= Problem statement =
The lines from the start of the data through the line with "Équipe de boxe" are to be returned verbatim; all later lines are to be omitted.

::: Source data :::

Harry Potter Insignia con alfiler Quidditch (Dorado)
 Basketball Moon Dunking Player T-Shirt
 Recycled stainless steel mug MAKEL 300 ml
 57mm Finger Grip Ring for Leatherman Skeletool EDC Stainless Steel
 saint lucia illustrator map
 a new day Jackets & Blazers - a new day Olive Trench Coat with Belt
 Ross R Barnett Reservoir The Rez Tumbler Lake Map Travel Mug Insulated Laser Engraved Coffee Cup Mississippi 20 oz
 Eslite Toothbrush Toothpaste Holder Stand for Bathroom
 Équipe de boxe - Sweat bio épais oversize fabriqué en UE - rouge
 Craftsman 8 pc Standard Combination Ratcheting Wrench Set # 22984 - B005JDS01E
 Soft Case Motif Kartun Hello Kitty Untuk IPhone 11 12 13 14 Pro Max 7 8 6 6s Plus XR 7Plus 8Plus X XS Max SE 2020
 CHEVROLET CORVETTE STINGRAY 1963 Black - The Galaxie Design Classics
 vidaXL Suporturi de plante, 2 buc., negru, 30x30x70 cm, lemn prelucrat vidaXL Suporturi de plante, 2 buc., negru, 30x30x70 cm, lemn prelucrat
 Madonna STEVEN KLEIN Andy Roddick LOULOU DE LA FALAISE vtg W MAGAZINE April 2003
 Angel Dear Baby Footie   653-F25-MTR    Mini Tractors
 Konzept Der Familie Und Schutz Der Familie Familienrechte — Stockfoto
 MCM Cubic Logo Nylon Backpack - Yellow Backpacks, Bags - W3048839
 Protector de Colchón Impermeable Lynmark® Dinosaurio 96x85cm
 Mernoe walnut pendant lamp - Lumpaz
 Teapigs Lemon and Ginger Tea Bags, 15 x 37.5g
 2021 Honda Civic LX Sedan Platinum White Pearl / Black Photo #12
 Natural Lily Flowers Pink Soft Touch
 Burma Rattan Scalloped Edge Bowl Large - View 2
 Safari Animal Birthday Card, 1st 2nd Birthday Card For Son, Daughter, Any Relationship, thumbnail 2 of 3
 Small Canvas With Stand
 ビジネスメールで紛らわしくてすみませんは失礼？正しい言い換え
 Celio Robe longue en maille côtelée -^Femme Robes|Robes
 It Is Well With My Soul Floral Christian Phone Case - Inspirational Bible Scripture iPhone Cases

:::

= Answer section =
Harry Potter Insignia con alfiler Quidditch (Dorado)
 Basketball Moon Dunking Player T-Shirt
 Recycled stainless steel mug MAKEL 300 ml
 57mm Finger Grip Ring for Leatherman Skeletool EDC Stainless Steel
 saint lucia illustrator map
 a new day Jackets & Blazers - a new day Olive Trench Coat with Belt
 Ross R Barnett Reservoir The Rez Tumbler Lake Map Travel Mug Insulated Laser Engraved Coffee Cup Mississippi 20 oz
 Eslite Toothbrush Toothpaste Holder Stand for Bathroom
 Équipe de boxe - Sweat bio épais oversize fabriqué en UE - rouge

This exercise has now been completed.